The aesthetic is deliberately anachronistic. The costumes mix period leather with Victorian tailoring. The violence is sharp and sudden (a throat is cut in a bathhouse; a crucifix is used as a bludgeon). This is not The Borgias . This is 300 meets Sherlock .
that is less a dusty historical figure and more a "rookie renegade inventor" fueled by an "unruly imagination" and personal torment. The episode establishes a high-stakes, "hyper-real" vision of Renaissance Florence, blending political intrigue with elements of historical fantasy. The Protagonist’s "Demons" da vincis demons season 1 episode 1
Leonardo is initially hired to create an elaborate Easter spectacle, which he uses as a foot in the door to pitch advanced war machines to protect Florence from the Vatican's looming threat. The Turk and the Book of Leaves: A mysterious figure known as The aesthetic is deliberately anachronistic
When Da Vinci’s Demons first aired on April 12, 2013, it arrived with an unusual burden. It wasn’t just another historical drama; it was Starz’s ambitious answer to Game of Thrones , wrapped in the enigma of history’s greatest polymath. The pilot episode, officially titled needed to accomplish a Herculean task: introduce a young, brash Leonardo da Vinci, establish an alternate Renaissance filled with conspiracy, and hook audiences without the safety net of dragons or White Walkers. This is not The Borgias
Meanwhile, Lorenzo de' Medici's brother, Giuliano, commissions the rising artisan Leonardo to create a spectacular mechanical dove for an Easter celebration, aiming to showcase Florence's power. Leonardo eagerly accepts. The episode cleverly shows his genius, including launching his apprentice Nico into the sky on a crude hang-glider (it doesn't end well) and sketching intricate designs for "planes, automatic-loading cannons, and tanks" to impress Lorenzo. He also begins sketching Lorenzo's mistress, Lucrezia Donati, sparking a dangerous attraction.

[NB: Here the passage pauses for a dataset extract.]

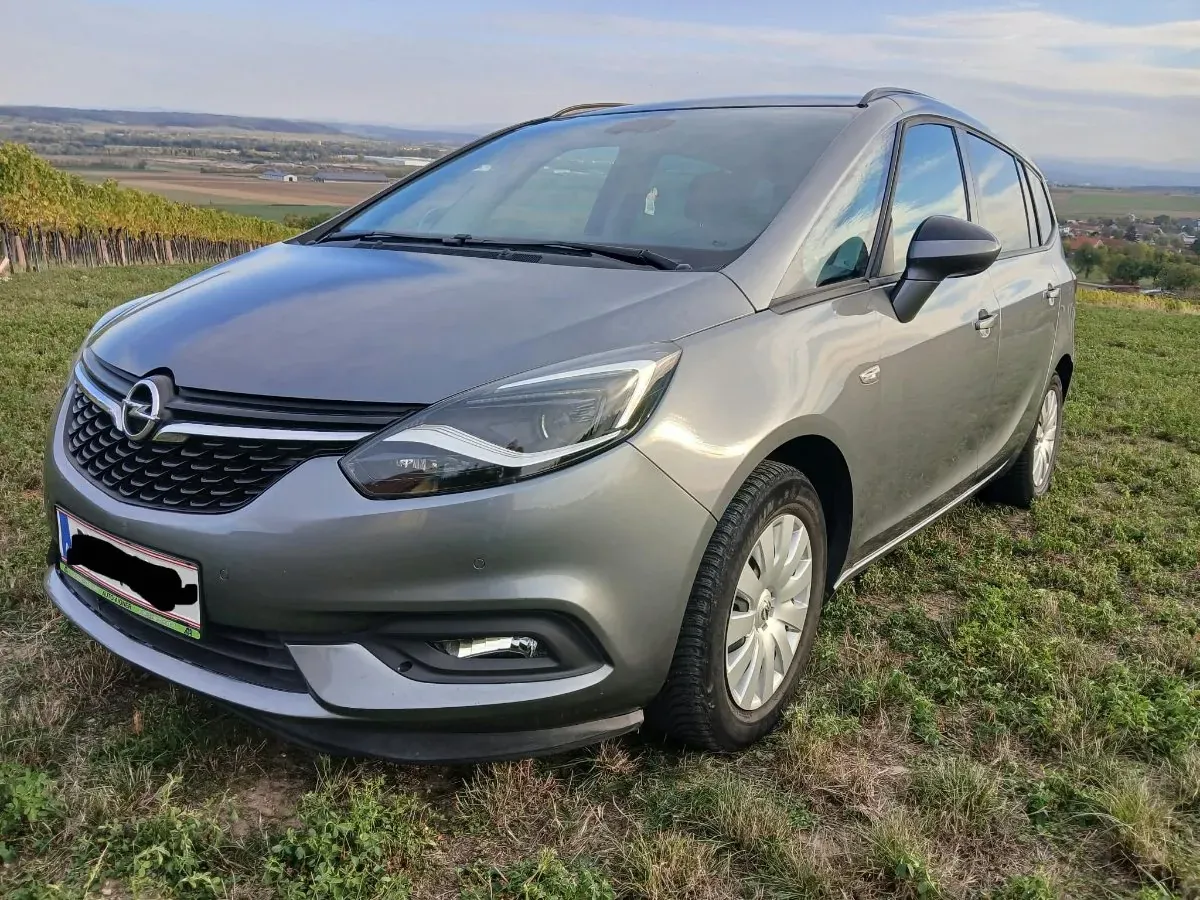 Opel Zafira Tourer 2018 photo 2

Episode 1 functions as both origin story and manifesto: it frames Leonardo as a liminal figure—scientist, artist, and seeker—whose intellectual curiosity and technical genius threaten established power structures. The episode establishes a dialectic between illumination (knowledge, invention) and suppression (political control, religious authority), using visual style and narrative pacing to position Leonardo as a modern Prometheus in Renaissance guise.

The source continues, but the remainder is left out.